### [RECORDS TO USE]
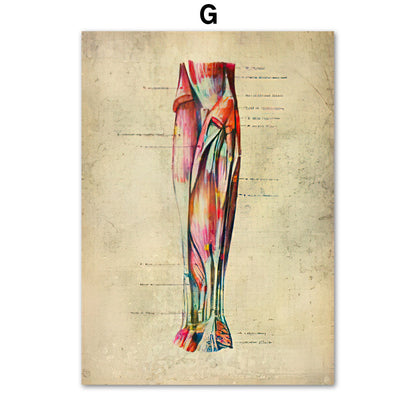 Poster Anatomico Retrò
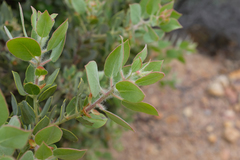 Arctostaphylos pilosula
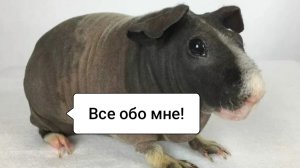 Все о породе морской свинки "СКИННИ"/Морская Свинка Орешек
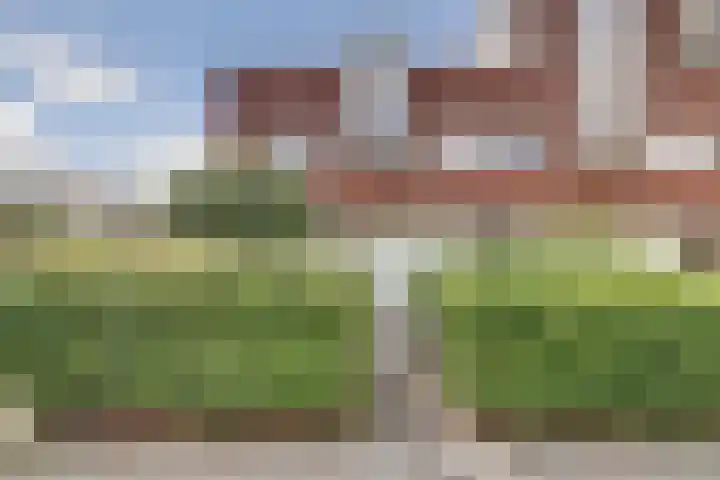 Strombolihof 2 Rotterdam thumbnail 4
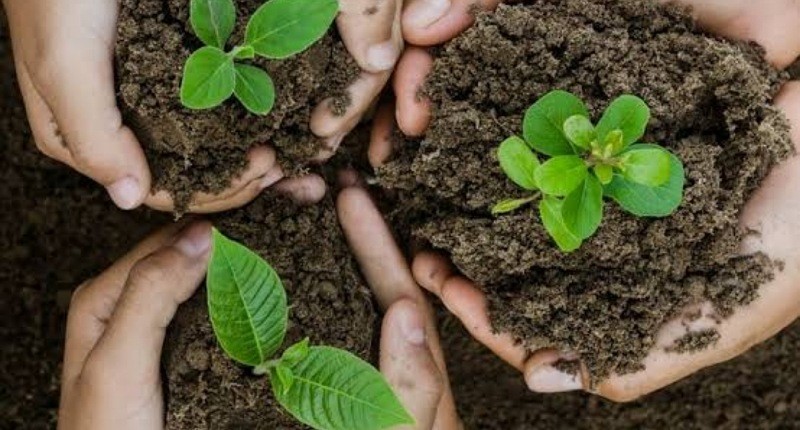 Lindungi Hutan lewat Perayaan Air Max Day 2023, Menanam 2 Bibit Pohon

---

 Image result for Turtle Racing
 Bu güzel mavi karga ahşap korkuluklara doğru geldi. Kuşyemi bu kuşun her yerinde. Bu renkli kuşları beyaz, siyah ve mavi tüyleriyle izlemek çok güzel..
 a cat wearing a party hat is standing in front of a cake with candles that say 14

* * *

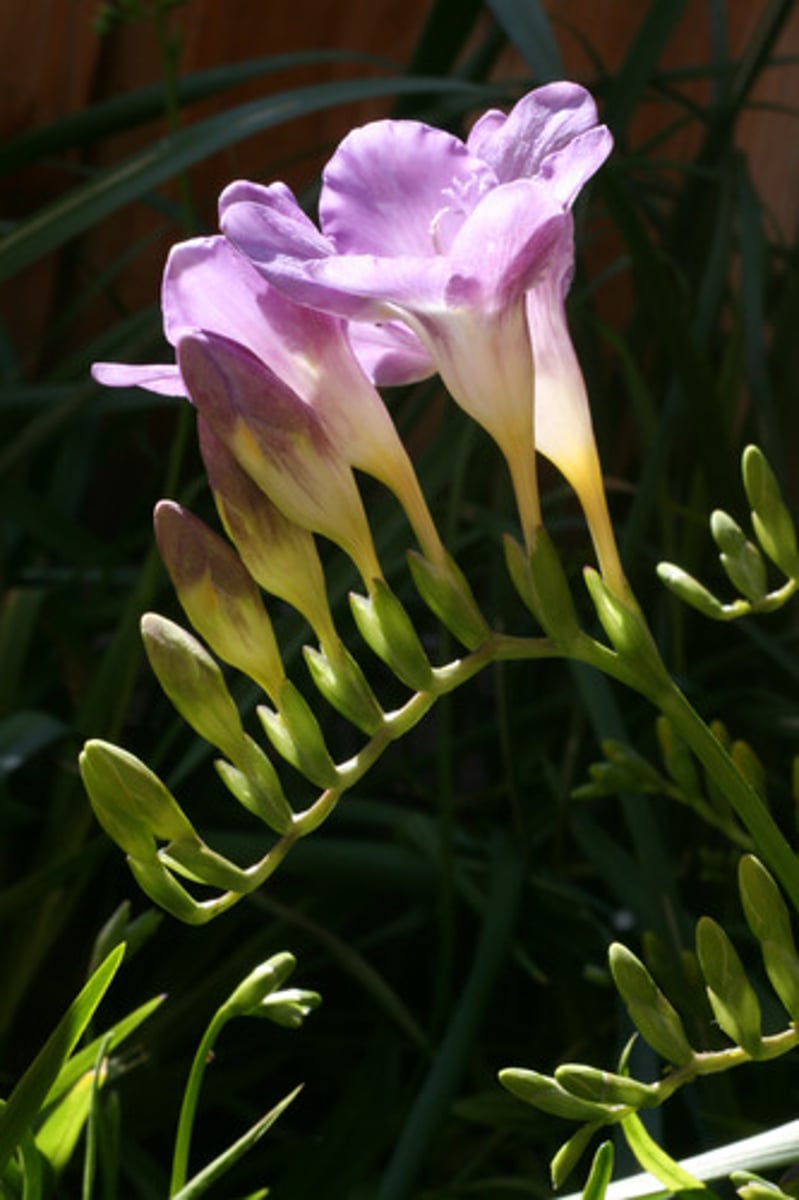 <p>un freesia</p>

### [INSTRUCTIONS FOR THE TASK]
Within the listing above, print exactly the stretch beginning at the line that contains "Poster Anatomico Retrò" and finishing at the line that contains "Lindungi Hutan lewat", ends kept, pictures left out, and nothing more.

### [FINISHED EXERCISE]
 Poster Anatomico Retrò
 Arctostaphylos pilosula
 Все о породе морской свинки "СКИННИ"/Морская Свинка Орешек
 Strombolihof 2 Rotterdam thumbnail 4
 Lindungi Hutan lewat Perayaan Air Max Day 2023, Menanam 2 Bibit Pohon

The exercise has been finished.